DIRECTIONS FOR THIS TASK: All of the entries are to be repeated exactly, with no pictures included.

[Opening PROVIDED DATA section]

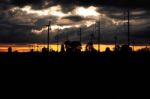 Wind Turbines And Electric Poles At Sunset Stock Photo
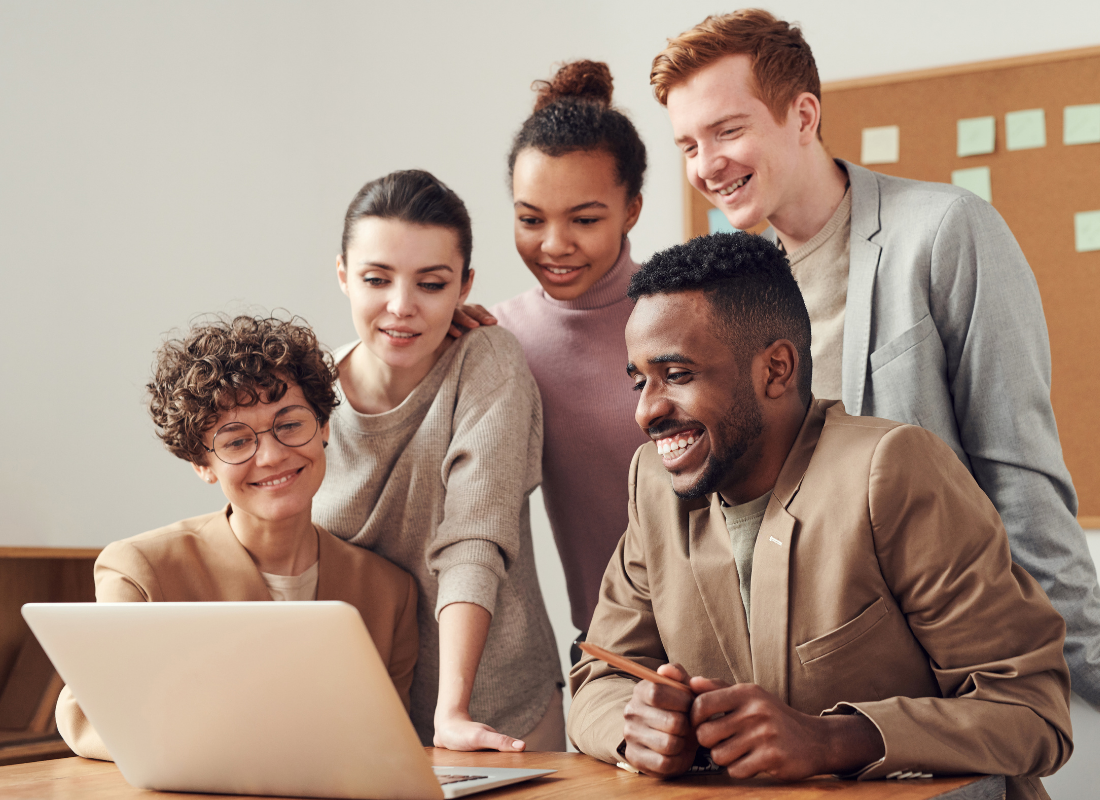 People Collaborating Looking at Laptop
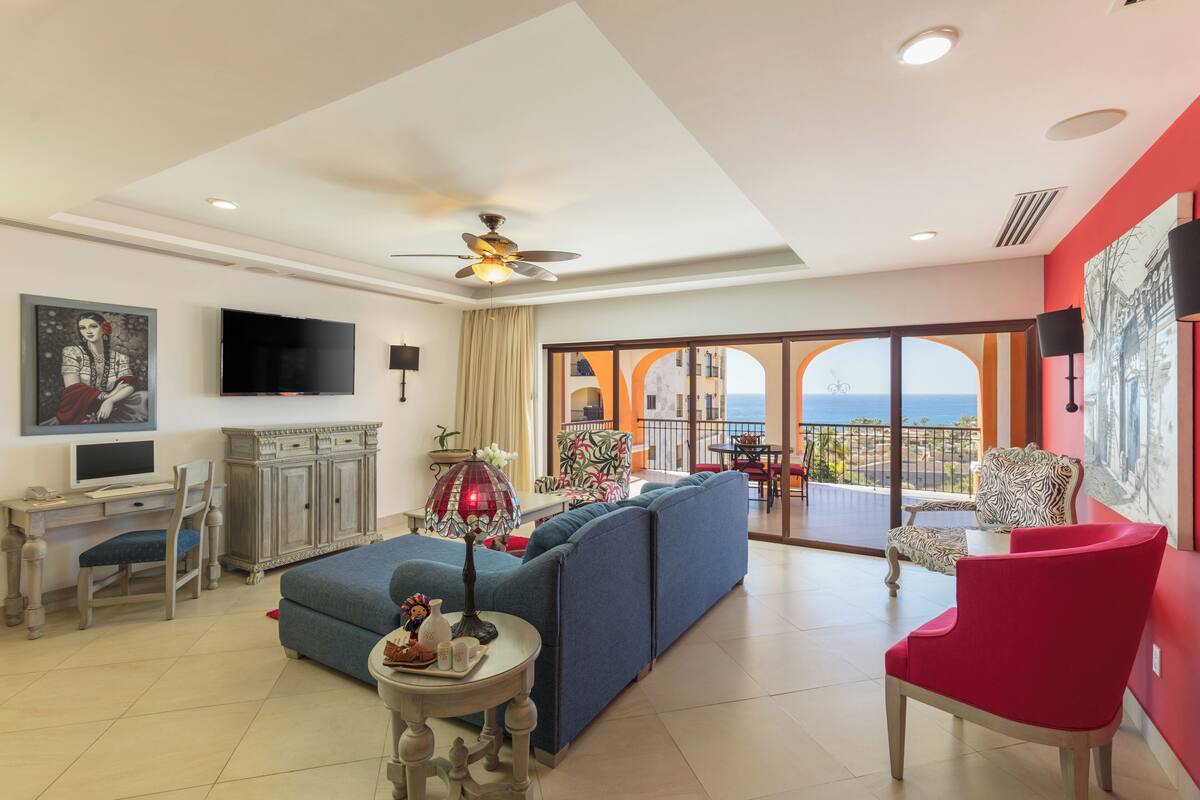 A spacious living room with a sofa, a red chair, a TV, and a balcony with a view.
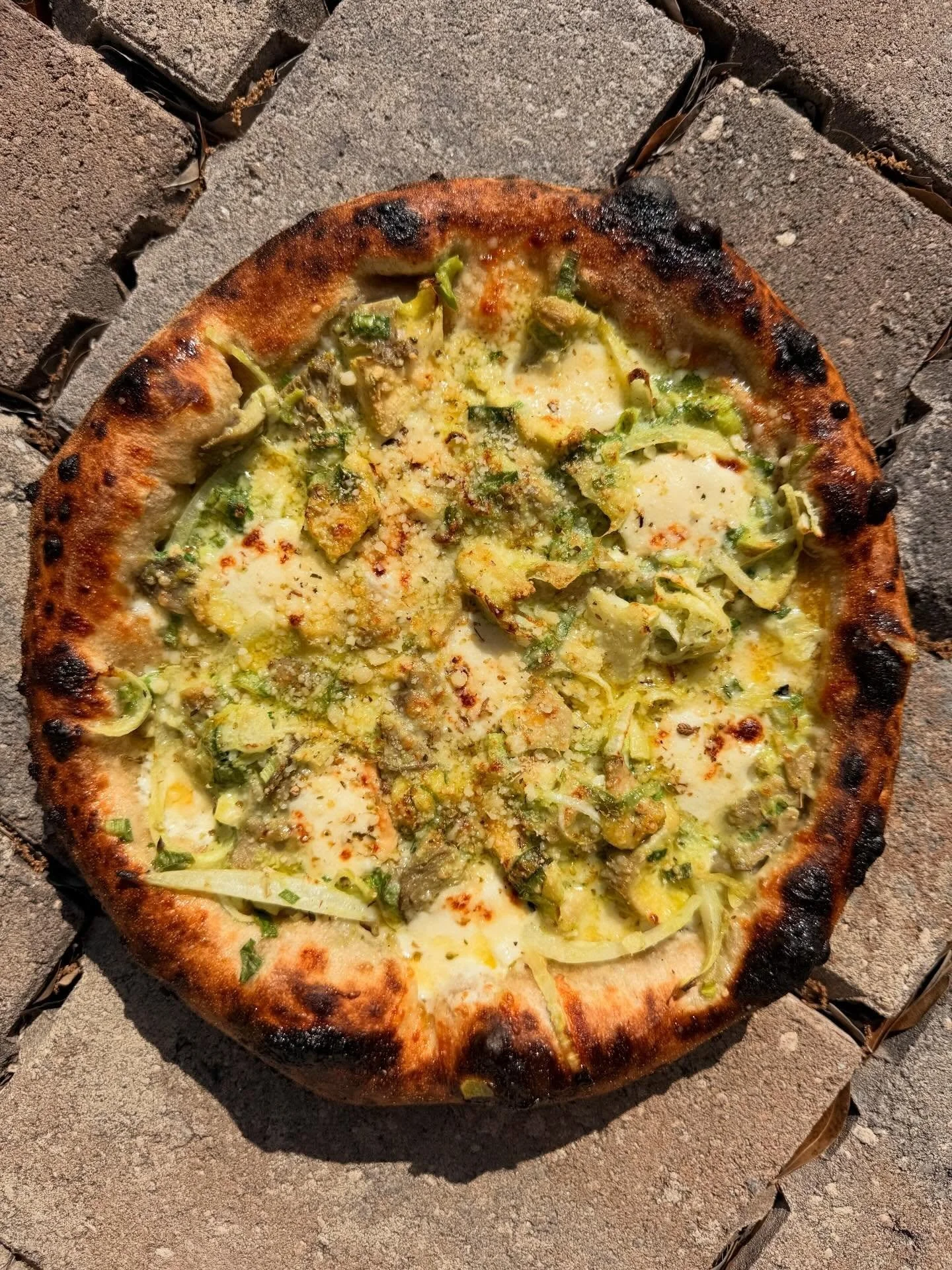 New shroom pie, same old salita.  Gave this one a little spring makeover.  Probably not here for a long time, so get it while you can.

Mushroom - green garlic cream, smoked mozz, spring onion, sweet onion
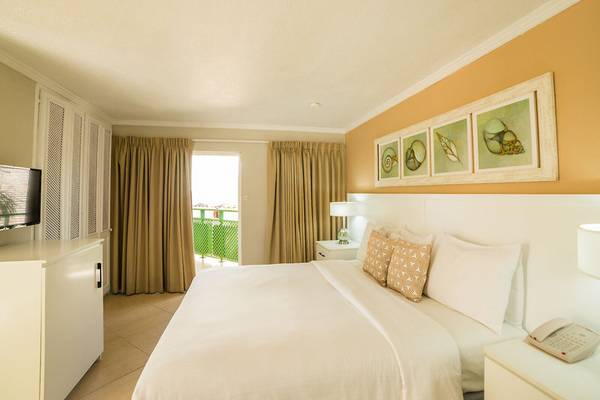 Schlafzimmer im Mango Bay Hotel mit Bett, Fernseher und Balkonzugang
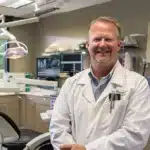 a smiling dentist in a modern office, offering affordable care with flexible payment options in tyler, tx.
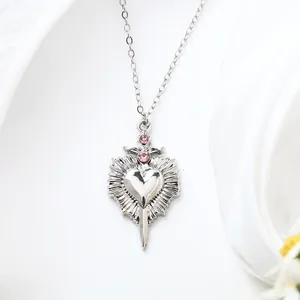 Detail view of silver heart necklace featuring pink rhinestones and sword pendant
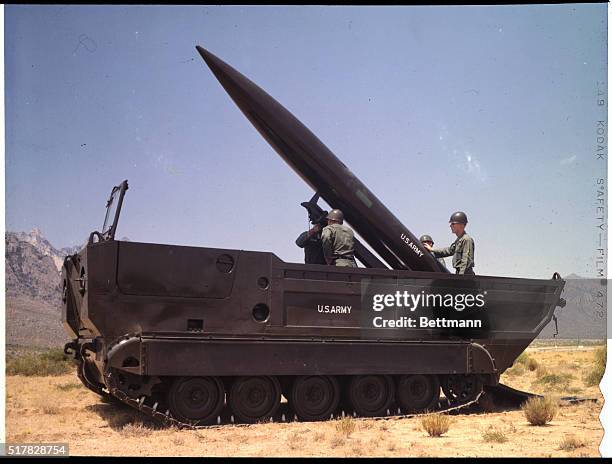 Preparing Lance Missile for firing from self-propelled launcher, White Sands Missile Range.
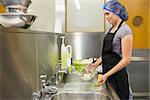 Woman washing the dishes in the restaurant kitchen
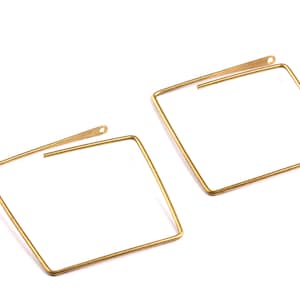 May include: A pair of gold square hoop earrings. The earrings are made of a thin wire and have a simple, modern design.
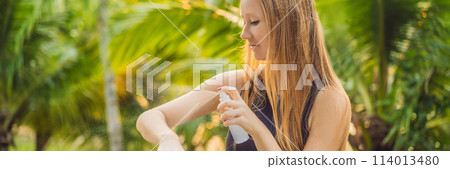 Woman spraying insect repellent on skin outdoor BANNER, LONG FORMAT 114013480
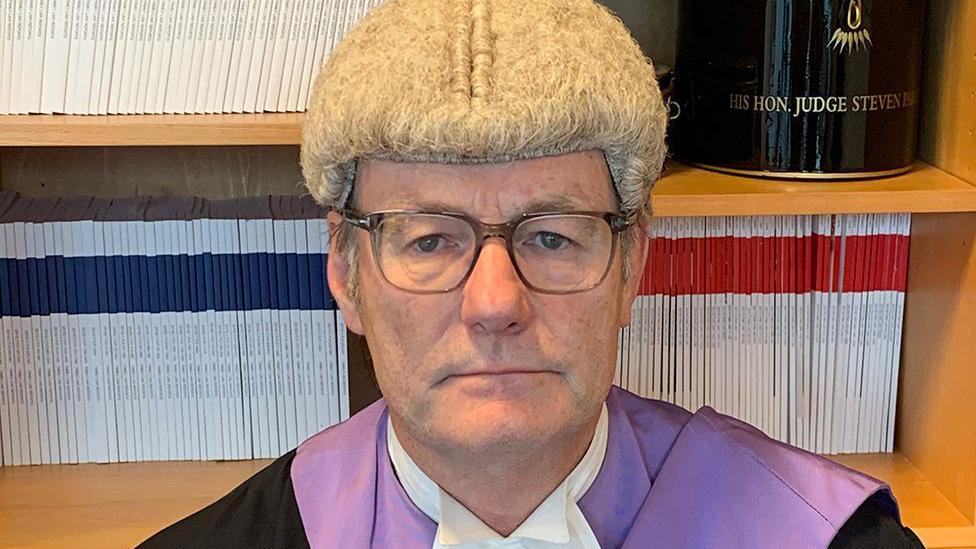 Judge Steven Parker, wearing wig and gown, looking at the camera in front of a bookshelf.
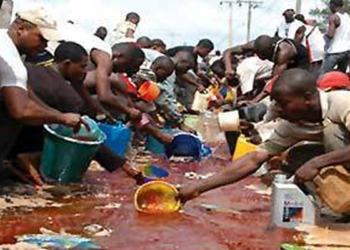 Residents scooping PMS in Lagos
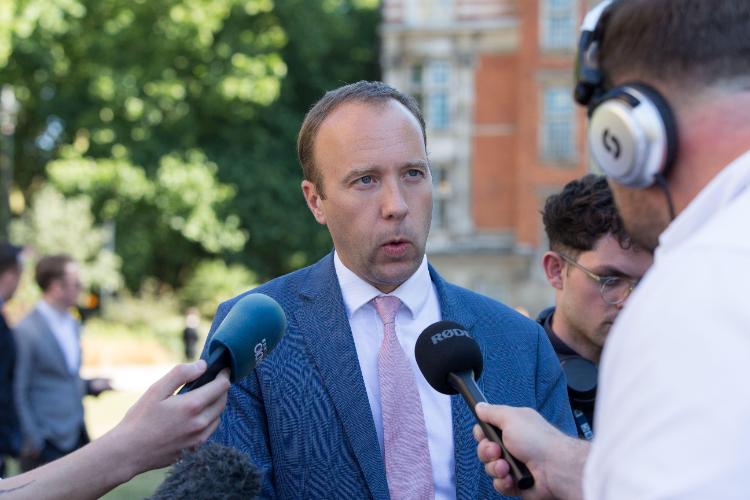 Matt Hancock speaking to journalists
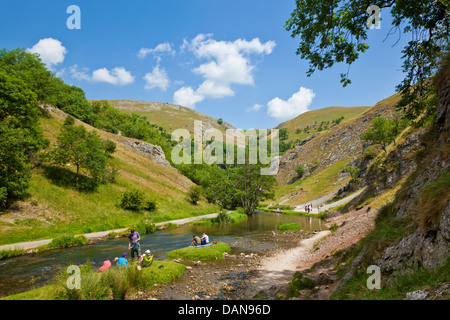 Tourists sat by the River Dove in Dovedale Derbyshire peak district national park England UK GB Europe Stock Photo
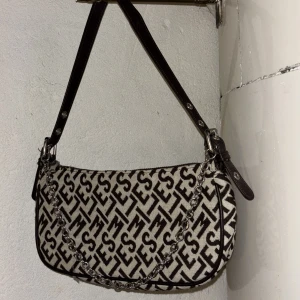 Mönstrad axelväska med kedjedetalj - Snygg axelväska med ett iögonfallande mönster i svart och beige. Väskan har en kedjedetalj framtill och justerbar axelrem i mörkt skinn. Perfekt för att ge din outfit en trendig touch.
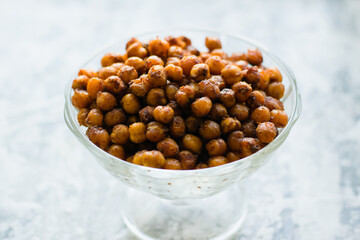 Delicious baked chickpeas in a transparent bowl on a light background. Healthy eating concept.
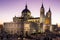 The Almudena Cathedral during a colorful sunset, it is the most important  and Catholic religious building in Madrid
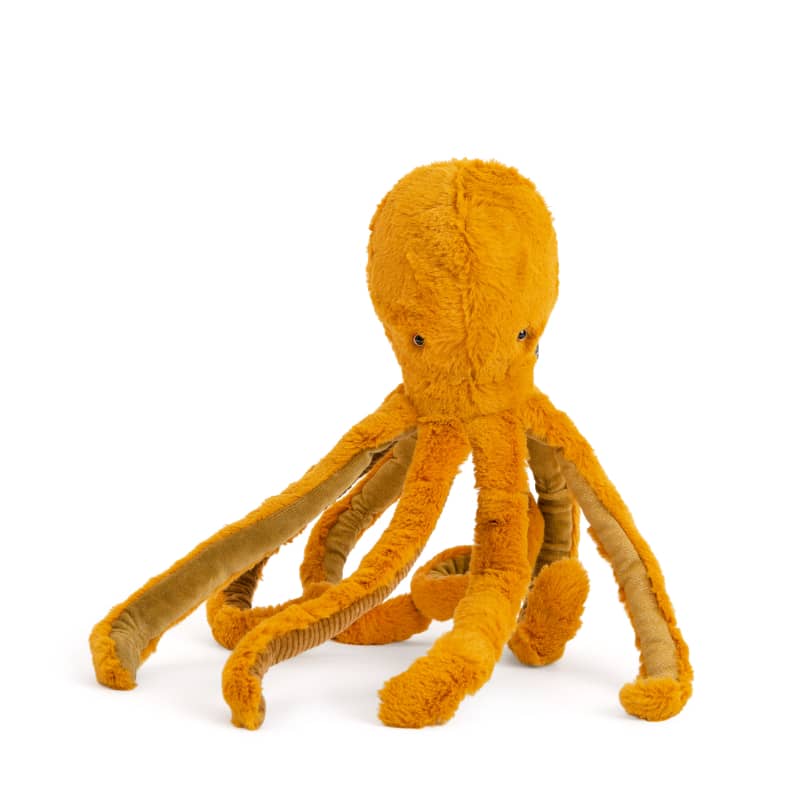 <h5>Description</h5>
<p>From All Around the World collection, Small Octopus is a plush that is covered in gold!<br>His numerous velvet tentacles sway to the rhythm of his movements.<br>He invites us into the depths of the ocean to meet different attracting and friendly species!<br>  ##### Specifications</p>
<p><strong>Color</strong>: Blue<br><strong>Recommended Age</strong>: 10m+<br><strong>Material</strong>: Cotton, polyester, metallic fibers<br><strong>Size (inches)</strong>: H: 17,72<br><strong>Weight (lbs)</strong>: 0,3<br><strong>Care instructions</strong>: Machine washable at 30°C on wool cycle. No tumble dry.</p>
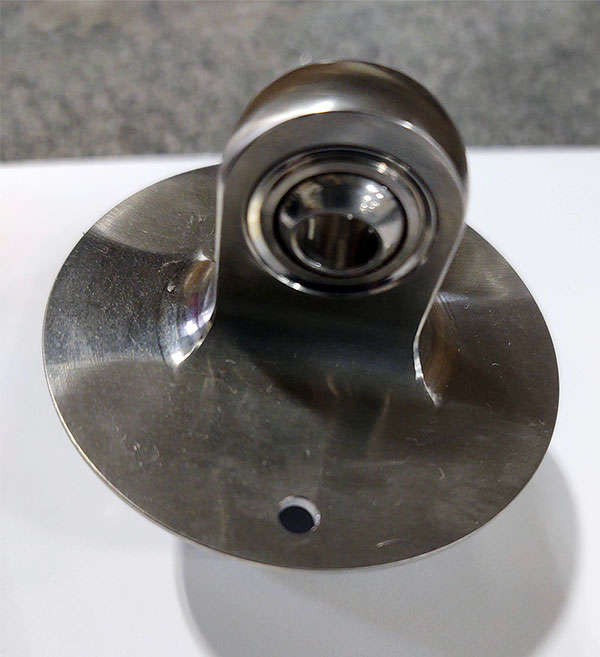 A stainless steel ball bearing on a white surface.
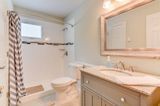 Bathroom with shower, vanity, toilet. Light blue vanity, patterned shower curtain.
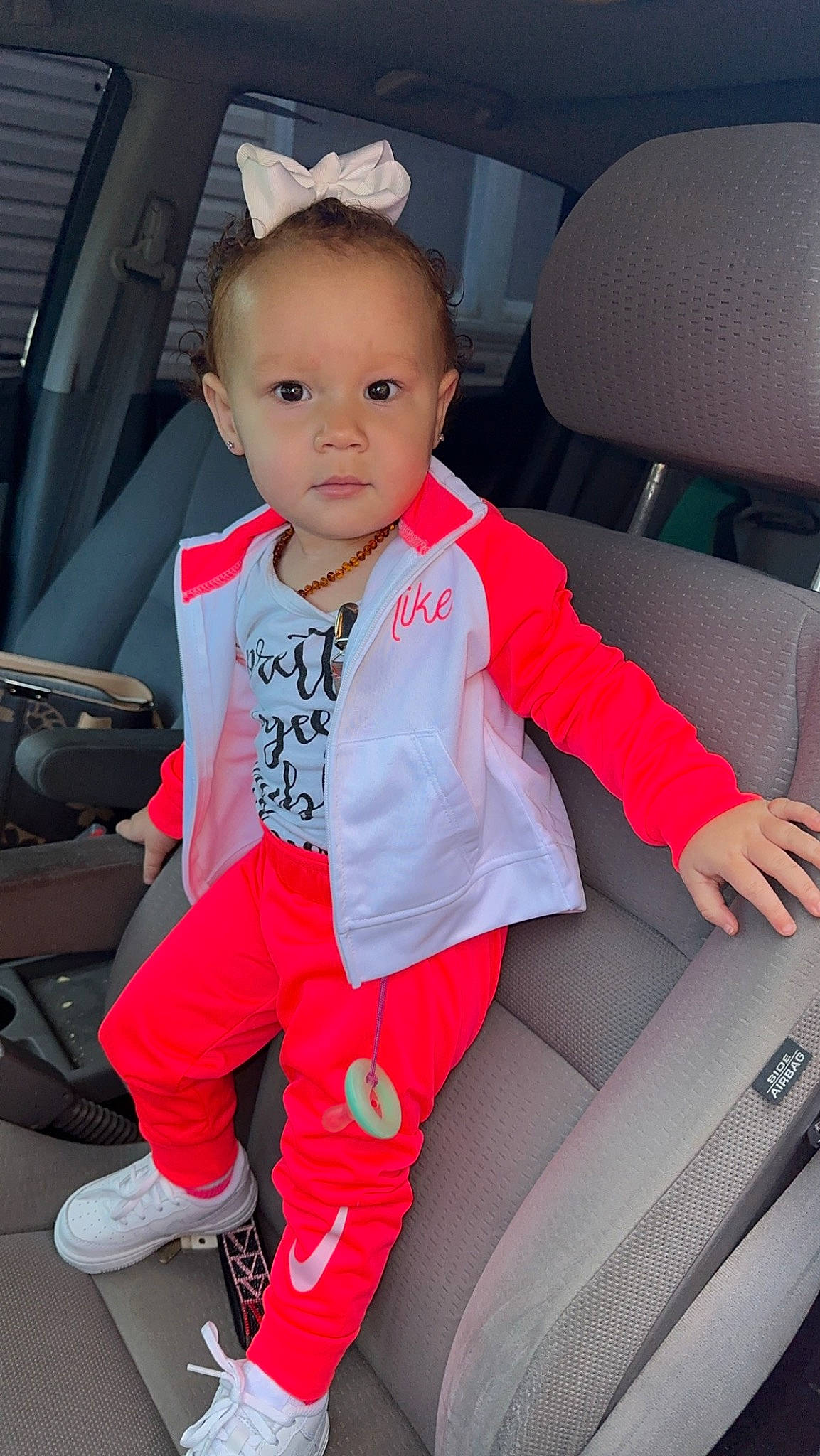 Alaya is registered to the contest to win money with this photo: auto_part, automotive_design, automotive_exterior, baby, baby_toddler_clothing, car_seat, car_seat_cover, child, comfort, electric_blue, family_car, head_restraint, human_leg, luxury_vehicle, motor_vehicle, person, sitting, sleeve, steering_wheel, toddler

[Closing PROVIDED DATA section]

EXERCISE RESPONSE:
 Wind Turbines And Electric Poles At Sunset Stock Photo
 People Collaborating Looking at Laptop
 A spacious living room with a sofa, a red chair, a TV, and a balcony with a view.
 New shroom pie, same old salita.  Gave this one a little spring makeover.  Probably not here for a long time, so get it while you can.

Mushroom - green garlic cream, smoked mozz, spring onion, sweet onion
 Schlafzimmer im Mango Bay Hotel mit Bett, Fernseher und Balkonzugang
 a smiling dentist in a modern office, offering affordable care with flexible payment options in tyler, tx.
 Detail view of silver heart necklace featuring pink rhinestones and sword pendant
 Preparing Lance Missile for firing from self-propelled launcher, White Sands Missile Range.
 Woman washing the dishes in the restaurant kitchen
 May include: A pair of gold square hoop earrings. The earrings are made of a thin wire and have a simple, modern design.
 Woman spraying insect repellent on skin outdoor BANNER, LONG FORMAT 114013480
 Judge Steven Parker, wearing wig and gown, looking at the camera in front of a bookshelf.
 Residents scooping PMS in Lagos
 Matt Hancock speaking to journalists
 Tourists sat by the River Dove in Dovedale Derbyshire peak district national park England UK GB Europe Stock Photo
 Mönstrad axelväska med kedjedetalj - Snygg axelväska med ett iögonfallande mönster i svart och beige. Väskan har en kedjedetalj framtill och justerbar axelrem i mörkt skinn. Perfekt för att ge din outfit en trendig touch.
 Delicious baked chickpeas in a transparent bowl on a light background. Healthy eating concept.
 The Almudena Cathedral during a colorful sunset, it is the most important  and Catholic religious building in Madrid
 <h5>Description</h5>
<p>From All Around the World collection, Small Octopus is a plush that is covered in gold!<br>His numerous velvet tentacles sway to the rhythm of his movements.<br>He invites us into the depths of the ocean to meet different attracting and friendly species!<br>  ##### Specifications</p>
<p><strong>Color</strong>: Blue<br><strong>Recommended Age</strong>: 10m+<br><strong>Material</strong>: Cotton, polyester, metallic fibers<br><strong>Size (inches)</strong>: H: 17,72<br><strong>Weight (lbs)</strong>: 0,3<br><strong>Care instructions</strong>: Machine washable at 30°C on wool cycle. No tumble dry.</p>
 A stainless steel ball bearing on a white surface.
 Bathroom with shower, vanity, toilet. Light blue vanity, patterned shower curtain.
 Alaya is registered to the contest to win money with this photo: auto_part, automotive_design, automotive_exterior, baby, baby_toddler_clothing, car_seat, car_seat_cover, child, comfort, electric_blue, family_car, head_restraint, human_leg, luxury_vehicle, motor_vehicle, person, sitting, sleeve, steering_wheel, toddler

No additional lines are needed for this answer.